RAID Scaling Charts, Part 2
RAID 6: Stripe Set With Double Redundancy
If you remember how we calculated single parity across a given set of data for a RAID 5 array, you already know there is a solution for double redundancy. This involves repeating the process of creating an XOR to give you a second parity bit which, of course, allows you to lose two hard drives with a RAID 6 array before you will physically lose data.
How RAID Redundancy Works
RAID 5 or RAID 6 terminology has become part of everyday IT vocabulary, but most people don’t actually know more than the basic principles. First, parity information is calculated for a given amount of data. Here is a very simple example that is based on six pieces of information, which corresponds to a RAID 5 array with six hard drives. Think of 11010 being binary information, of which each bit gets stored on one of the six hard drives. If you want to generate information that allows you to recreate all of the data, the easiest way to do that is to do a binary XOR calculation, where 0+0=0, 0+1=1, 1+0=1 and 1+1=0. This is our definition for even parity, which means that the parity bit will be 0 in case the total of 1s and 0s is even, and it will be 1 if it is not. Using our information block 11010, we get:
1+1=0, 0+0=0, 0+1=1, 1+0=1. Three 1s and two 0s are uneven, thus 1.

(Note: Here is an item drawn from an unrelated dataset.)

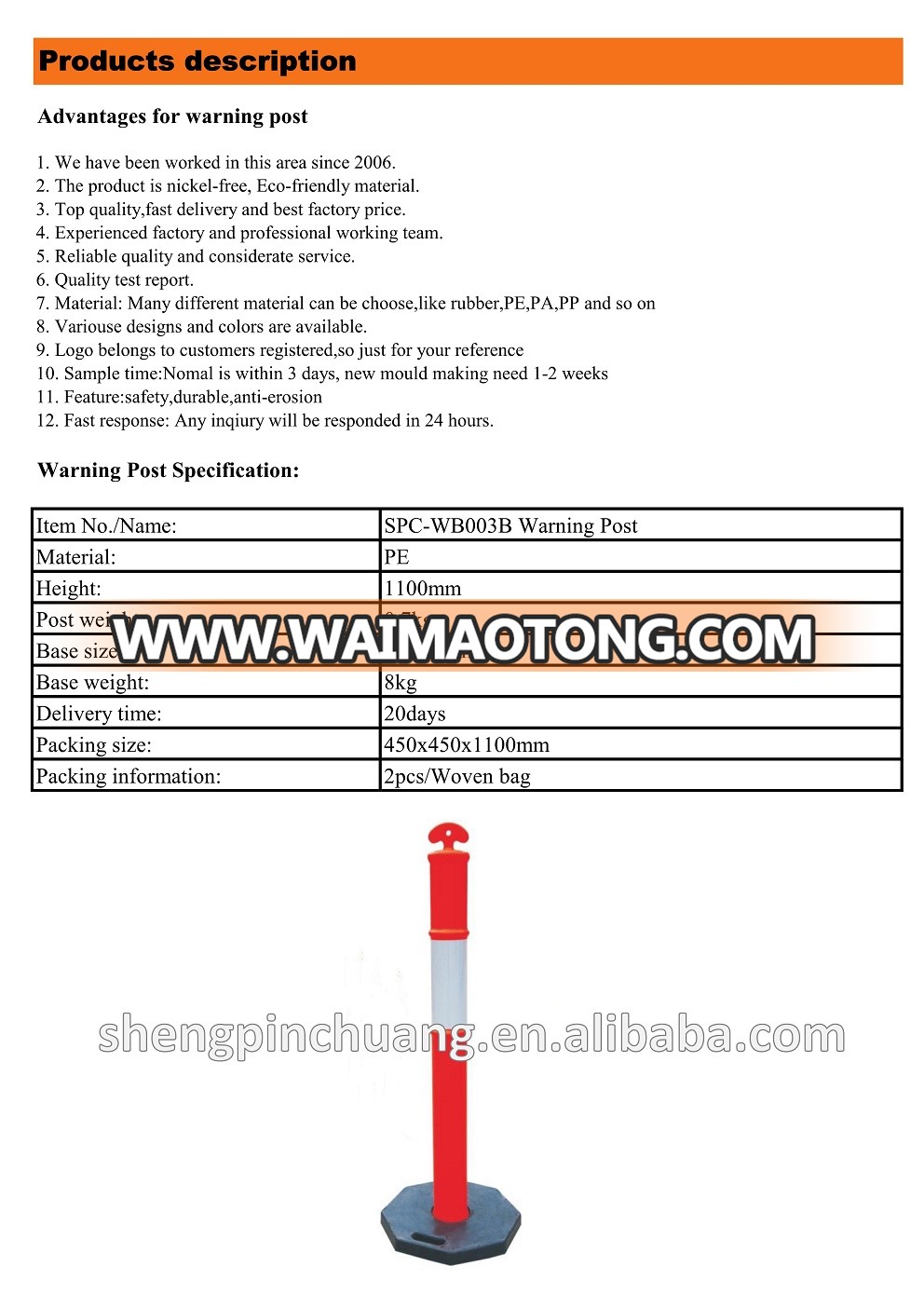 PE traffic warning sign,red and white body +black base post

The sixth element, hence the parity information, would be 1. So, the entire information now is 110101. The controller now goes ahead and stores the individual bits on the individual hard drives: The first drive stores 1, the second drive stores 1, the third stores 0, etc. If one piece of this six bit information gets lost, all you have to do is run an XOR calculation across the remaining elements to recalculate the missing element. Let’s say the fourth hard drive, carrying 1, gets lost. You’d now have 110x01 left. Let’s compare the remaining values to each other:
1+1=0, 0+0=0, 0+0=0, 0+1=1
This is the result we need to recreate the bit stripe. A RAID 6 with double redundancy simply adds additional parity information across the RAID 5 stripe, which already carries a parity bit.
The computing power required to do the calculations is considerable, especially for a RAID 6 array with two defective drives, so be sure you’ve got plenty of CPU horsepower or a dedicated XOR offload engine before you setup a parity RAID array. One problem with parity implementations is that RAID levels only define what to do, but not how to do it. The so-called RAID signature is different with almost every manufacturer. Do you run even or uneven parity? Where do you store the parity bit? This is the main reason why recovery of RAID arrays is an expensive affair; you need to know or determine the particular implementation.